A Hong Kong-based cybersecurity company called VKRL in 2017 found that attacks were using spear-phishing emails that had URLs using GeoCities Japan to deliver malware.
"The long history and series of custom tools certainly implies a persistent, well-resourced group," Unit 42’s Hinchliffe says. "Some malware seems ubiquitous when it's believed to relate to Chinese actors, including PlugX, Poison Ivy and others. This group seems to have created and used a custom Android malware - HenBox - we've not seen used elsewhere in our own data or published by other vendors. This may indicate their targets require unique attention based on prevalent operating systems used or that they need that capability generally. There could be a longer-term play here, or this is their sole objective. Either way, they show patience in what they work toward."
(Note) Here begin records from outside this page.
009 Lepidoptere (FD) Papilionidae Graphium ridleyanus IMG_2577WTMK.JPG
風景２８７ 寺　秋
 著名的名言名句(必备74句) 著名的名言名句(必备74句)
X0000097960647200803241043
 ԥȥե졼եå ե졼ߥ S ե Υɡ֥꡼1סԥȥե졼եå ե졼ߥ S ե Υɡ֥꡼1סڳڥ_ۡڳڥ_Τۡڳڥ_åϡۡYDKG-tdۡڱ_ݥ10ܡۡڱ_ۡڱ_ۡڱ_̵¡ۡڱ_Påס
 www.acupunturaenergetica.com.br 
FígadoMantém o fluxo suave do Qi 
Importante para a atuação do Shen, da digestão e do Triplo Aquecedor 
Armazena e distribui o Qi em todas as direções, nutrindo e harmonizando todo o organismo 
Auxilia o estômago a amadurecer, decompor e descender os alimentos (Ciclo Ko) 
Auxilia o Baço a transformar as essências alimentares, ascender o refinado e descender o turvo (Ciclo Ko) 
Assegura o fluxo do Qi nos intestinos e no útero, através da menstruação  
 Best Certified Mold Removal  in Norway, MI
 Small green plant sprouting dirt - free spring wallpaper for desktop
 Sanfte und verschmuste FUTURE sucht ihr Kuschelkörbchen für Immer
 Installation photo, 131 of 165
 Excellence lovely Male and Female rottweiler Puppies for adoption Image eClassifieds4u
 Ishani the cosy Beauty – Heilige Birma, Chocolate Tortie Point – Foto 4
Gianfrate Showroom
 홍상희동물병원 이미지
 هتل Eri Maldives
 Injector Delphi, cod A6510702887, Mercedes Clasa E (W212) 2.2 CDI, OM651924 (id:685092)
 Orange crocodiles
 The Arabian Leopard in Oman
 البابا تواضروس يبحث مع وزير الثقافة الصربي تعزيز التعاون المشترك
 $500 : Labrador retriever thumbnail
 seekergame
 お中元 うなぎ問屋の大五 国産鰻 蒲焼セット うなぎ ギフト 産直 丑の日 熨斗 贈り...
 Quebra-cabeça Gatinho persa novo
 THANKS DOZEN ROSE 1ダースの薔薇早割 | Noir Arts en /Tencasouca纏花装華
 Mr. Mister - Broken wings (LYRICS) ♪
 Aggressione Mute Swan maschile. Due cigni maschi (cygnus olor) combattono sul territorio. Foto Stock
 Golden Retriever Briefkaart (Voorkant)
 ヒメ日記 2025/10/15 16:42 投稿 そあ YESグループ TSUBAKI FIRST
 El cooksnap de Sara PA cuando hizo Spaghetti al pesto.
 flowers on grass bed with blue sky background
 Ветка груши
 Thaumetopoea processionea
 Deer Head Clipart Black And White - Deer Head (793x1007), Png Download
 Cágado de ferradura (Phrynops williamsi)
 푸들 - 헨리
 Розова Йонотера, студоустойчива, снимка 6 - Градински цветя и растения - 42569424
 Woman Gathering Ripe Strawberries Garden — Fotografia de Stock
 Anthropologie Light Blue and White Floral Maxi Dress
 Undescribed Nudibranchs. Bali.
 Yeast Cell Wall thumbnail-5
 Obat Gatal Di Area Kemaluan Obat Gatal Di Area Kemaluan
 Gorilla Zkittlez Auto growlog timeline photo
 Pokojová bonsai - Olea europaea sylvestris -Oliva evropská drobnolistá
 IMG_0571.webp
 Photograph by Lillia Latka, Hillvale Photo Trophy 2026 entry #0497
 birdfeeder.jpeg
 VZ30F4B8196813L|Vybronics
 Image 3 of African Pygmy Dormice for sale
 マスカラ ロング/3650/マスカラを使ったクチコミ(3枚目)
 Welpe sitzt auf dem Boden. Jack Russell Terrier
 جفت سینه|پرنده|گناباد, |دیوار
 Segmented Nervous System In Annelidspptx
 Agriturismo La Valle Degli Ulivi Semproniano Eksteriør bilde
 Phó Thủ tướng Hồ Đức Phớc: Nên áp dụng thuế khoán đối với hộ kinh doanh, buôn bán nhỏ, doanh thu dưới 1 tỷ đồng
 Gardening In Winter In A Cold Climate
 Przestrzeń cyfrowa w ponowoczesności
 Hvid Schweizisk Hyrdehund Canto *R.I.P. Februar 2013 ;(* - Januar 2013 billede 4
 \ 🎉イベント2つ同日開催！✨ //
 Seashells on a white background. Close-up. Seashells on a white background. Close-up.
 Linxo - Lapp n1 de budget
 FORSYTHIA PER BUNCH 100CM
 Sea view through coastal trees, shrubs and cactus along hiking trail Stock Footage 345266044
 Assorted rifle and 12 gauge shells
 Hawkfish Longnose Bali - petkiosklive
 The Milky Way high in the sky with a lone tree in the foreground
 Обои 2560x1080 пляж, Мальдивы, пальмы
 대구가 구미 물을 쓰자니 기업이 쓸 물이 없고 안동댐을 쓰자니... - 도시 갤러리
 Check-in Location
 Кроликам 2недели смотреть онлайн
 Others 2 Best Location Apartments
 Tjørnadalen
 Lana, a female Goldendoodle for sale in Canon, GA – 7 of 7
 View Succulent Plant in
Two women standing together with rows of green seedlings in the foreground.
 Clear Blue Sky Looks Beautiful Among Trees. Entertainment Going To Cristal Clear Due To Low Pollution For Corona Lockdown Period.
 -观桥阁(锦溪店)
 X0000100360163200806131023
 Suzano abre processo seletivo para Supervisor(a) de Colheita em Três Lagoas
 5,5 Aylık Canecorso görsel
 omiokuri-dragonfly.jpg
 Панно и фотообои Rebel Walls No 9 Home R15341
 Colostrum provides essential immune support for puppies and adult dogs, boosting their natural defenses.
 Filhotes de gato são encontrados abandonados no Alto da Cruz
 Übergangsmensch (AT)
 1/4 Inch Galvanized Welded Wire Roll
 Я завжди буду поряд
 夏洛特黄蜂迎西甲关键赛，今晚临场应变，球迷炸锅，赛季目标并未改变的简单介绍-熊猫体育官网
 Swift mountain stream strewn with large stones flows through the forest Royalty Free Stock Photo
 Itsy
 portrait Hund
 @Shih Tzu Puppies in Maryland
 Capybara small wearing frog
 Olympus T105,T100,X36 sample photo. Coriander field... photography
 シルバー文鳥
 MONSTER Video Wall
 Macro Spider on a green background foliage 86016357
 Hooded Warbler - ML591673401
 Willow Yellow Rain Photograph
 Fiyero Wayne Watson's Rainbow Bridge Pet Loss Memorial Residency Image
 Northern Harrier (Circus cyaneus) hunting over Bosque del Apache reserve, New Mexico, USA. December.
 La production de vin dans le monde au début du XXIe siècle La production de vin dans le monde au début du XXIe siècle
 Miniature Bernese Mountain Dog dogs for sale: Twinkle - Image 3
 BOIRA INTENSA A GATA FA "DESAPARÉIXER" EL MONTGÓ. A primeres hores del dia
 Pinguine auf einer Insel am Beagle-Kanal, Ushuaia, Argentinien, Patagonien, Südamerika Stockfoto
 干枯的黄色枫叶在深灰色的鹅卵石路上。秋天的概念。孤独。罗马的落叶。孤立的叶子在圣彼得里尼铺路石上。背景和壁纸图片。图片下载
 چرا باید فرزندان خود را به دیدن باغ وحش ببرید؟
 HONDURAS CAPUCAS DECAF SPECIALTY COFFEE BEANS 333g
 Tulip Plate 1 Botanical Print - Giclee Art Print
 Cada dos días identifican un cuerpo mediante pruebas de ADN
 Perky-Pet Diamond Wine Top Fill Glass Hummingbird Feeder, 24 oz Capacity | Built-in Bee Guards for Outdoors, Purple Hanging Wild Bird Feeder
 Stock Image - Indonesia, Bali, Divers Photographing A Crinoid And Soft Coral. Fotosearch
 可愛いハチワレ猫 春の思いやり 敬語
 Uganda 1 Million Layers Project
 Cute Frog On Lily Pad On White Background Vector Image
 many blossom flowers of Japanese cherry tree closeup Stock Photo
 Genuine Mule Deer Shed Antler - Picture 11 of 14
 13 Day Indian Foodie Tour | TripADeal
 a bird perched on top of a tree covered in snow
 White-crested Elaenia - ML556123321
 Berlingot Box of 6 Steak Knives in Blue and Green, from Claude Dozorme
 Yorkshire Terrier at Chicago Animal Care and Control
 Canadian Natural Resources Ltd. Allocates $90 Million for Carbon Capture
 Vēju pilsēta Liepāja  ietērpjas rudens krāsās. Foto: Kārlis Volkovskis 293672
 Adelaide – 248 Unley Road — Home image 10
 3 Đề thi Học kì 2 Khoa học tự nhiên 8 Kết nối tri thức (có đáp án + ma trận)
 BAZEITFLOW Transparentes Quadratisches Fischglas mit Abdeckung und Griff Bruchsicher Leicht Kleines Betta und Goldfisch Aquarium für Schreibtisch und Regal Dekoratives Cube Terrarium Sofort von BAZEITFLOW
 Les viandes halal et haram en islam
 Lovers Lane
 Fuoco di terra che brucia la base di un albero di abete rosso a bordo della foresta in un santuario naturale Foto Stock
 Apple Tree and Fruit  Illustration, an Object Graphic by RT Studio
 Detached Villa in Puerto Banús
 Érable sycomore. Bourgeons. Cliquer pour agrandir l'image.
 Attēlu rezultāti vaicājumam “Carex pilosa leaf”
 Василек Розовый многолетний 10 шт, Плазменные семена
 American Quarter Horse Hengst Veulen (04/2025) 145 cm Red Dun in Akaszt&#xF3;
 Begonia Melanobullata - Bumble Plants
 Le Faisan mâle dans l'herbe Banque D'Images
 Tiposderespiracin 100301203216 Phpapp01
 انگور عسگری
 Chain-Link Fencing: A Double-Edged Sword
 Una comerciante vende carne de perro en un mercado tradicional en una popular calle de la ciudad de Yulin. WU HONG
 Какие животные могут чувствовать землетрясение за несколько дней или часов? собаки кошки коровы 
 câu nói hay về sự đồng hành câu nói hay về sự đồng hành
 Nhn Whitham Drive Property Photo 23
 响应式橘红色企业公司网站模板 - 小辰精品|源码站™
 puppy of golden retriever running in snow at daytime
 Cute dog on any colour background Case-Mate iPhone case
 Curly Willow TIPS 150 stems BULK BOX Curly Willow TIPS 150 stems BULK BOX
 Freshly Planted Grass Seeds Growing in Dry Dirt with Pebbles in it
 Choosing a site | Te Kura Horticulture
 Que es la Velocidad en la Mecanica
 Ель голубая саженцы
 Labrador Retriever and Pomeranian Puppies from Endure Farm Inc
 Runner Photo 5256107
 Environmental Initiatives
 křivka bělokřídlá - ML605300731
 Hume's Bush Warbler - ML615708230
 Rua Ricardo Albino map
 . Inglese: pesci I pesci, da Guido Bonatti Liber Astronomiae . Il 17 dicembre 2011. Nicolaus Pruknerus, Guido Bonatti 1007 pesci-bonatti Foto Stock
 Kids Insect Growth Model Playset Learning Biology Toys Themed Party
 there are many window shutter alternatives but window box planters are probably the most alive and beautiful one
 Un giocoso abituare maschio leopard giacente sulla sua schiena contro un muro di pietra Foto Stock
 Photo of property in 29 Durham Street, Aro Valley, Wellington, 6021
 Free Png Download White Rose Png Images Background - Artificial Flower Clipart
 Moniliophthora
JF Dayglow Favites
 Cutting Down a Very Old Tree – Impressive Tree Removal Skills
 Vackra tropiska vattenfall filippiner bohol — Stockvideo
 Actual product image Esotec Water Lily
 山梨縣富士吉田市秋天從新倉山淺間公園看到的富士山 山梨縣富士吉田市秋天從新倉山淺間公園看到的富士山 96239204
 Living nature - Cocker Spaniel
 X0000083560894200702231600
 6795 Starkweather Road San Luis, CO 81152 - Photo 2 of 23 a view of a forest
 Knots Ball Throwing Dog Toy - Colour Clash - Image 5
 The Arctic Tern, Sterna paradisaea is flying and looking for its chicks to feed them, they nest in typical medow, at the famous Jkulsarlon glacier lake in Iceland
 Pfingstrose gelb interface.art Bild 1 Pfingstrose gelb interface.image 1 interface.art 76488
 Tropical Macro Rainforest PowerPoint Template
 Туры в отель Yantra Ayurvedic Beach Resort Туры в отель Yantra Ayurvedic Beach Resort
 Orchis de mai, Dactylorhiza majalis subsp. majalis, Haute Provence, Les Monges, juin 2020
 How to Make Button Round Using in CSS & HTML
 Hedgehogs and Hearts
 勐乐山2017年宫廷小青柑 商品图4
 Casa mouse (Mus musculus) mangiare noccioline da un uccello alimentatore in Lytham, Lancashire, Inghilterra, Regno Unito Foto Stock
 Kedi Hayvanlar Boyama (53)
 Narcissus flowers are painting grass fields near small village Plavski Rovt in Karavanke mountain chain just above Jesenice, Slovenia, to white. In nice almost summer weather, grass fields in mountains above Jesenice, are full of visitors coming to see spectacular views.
The nations and regions targeted by the PKPLUG campaigns all have complex relationships with China, which may explain some of the motivation behind the attacks, according to Unit 42.
Indonesia, Myanmar and Vietnam are members of the regional intergovernmental group Association of Southeast Asian Nations. Tibet and Xinjiang are autonomous regions of China that are mostly populated by ethnic minorities. And most of the countries targeted are involved with the Chinese government’s Belt and Road Initiative, a project aimed at connecting 71 Southeast Asian countries to Eastern Europe and Africa, the report notes.
Many of the nation’s targeted by PKPLUG also have disputes with China over fishing quotas, oil and gas reserves and South China Sea issues, the researchers point out. And Taiwan has had decades-long disputes with China.
"Knowing that the Chinese government likes to maintain control, it's entirely possible that this is an information-gathering operation solely to obtain leverage over neighboring regions and use that for future situations - be it economic or otherwise. But some of these campaigns could also have been executed to gain further access to networks and increase the adversary's foothold," Hinchliffe says.
In June and August, the group expanded its reach to Mongolia, and Unit 42 has seen the group use lure and social engineering techniques that could be targeting Vietnam and Pakistan.
"Pakistan was not on our target list for this group, but given the recent political events involving Kashmir [a disputed region between Pakistan and India] – which borders China - together with their involvement in the BRI, it's highly likely they would be another target," Hinchliffe says. "Given what we know about hackers backed by China and how they target a multitude of industries, it wouldn't be a surprise for this group or groups to expand beyond Asia down the line."